_Activity:_
Could every line of the listing be output exactly, with the pictures skipped?

_Source data:_
"""

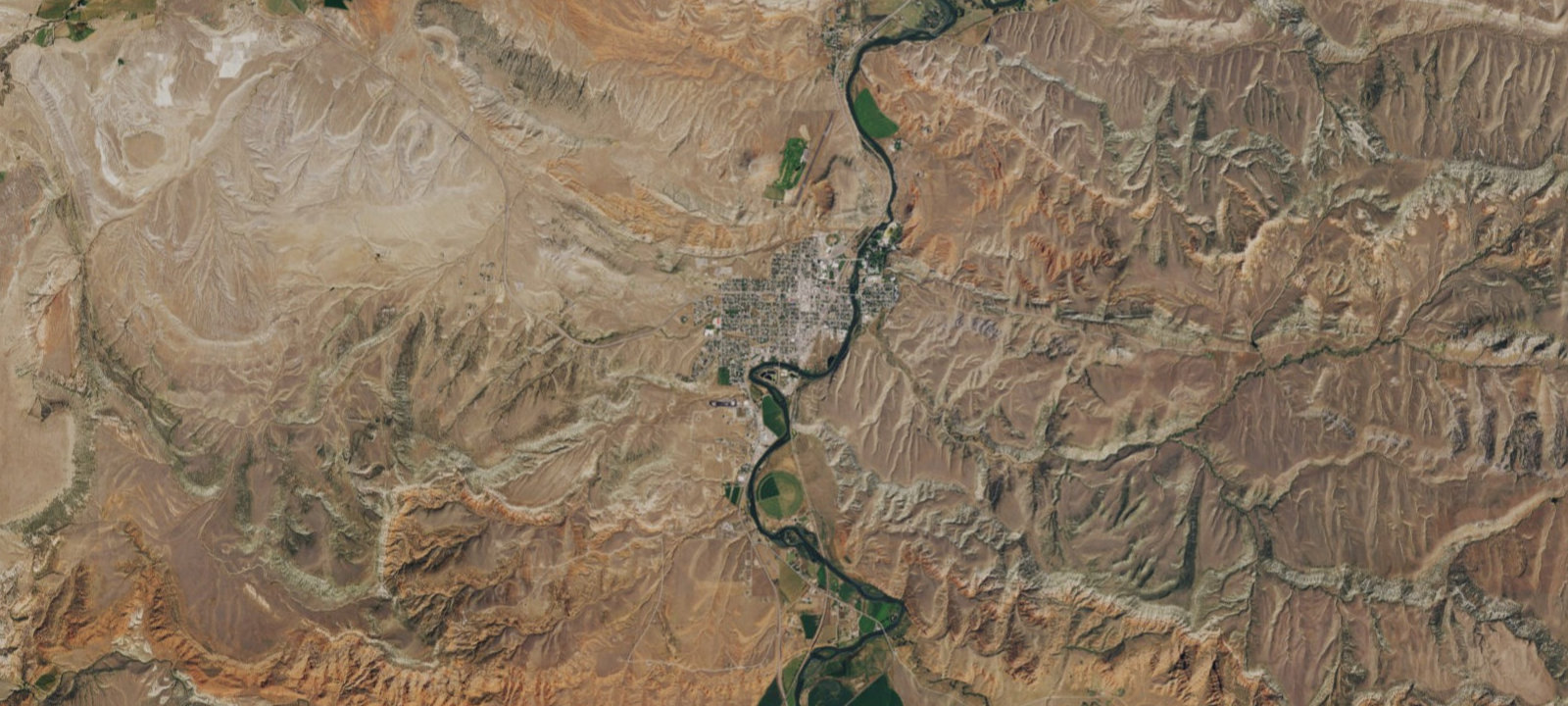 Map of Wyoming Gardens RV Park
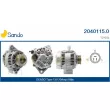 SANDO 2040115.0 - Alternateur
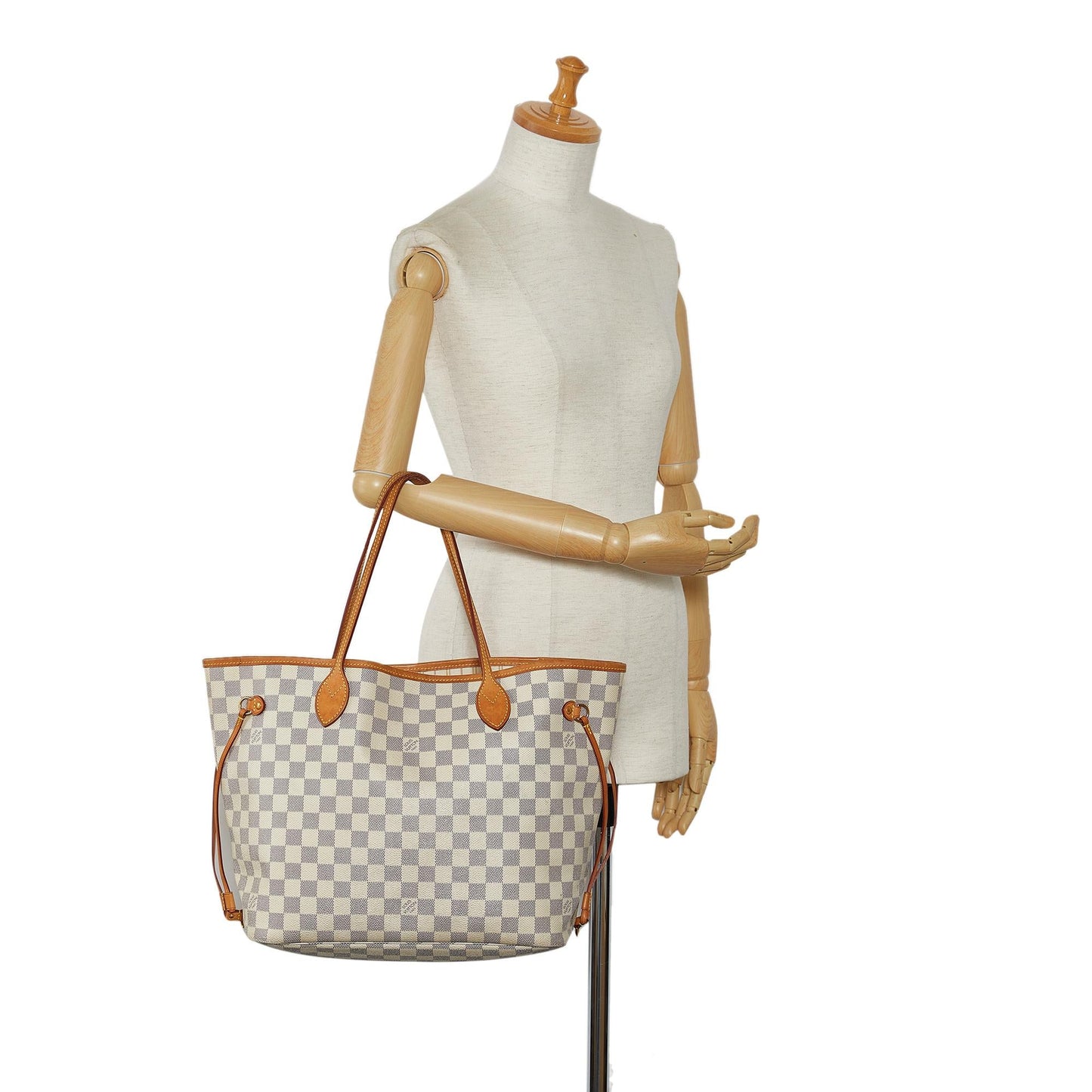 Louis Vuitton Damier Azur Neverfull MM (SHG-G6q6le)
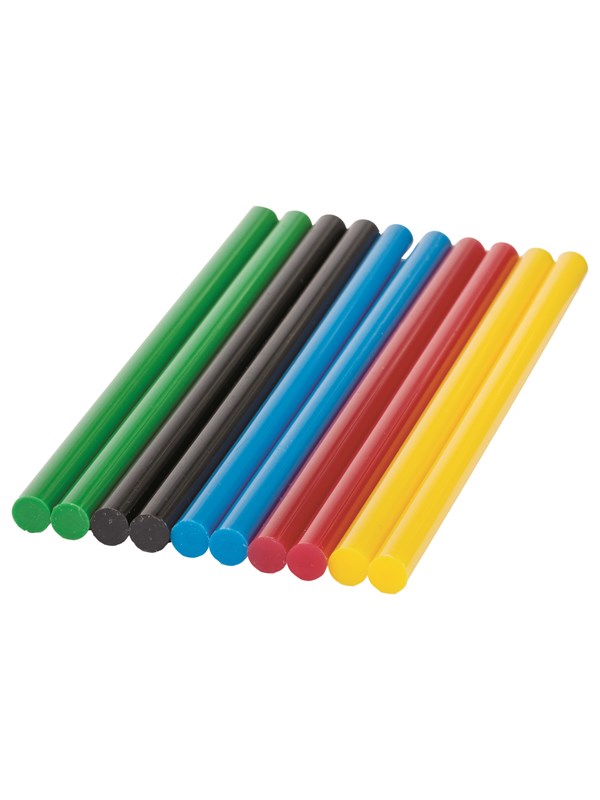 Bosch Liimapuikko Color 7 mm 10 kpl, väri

"""

_Task result:_
 Map of Wyoming Gardens RV Park
 SANDO 2040115.0 - Alternateur
 Louis Vuitton Damier Azur Neverfull MM (SHG-G6q6le)
 Bosch Liimapuikko Color 7 mm 10 kpl, väri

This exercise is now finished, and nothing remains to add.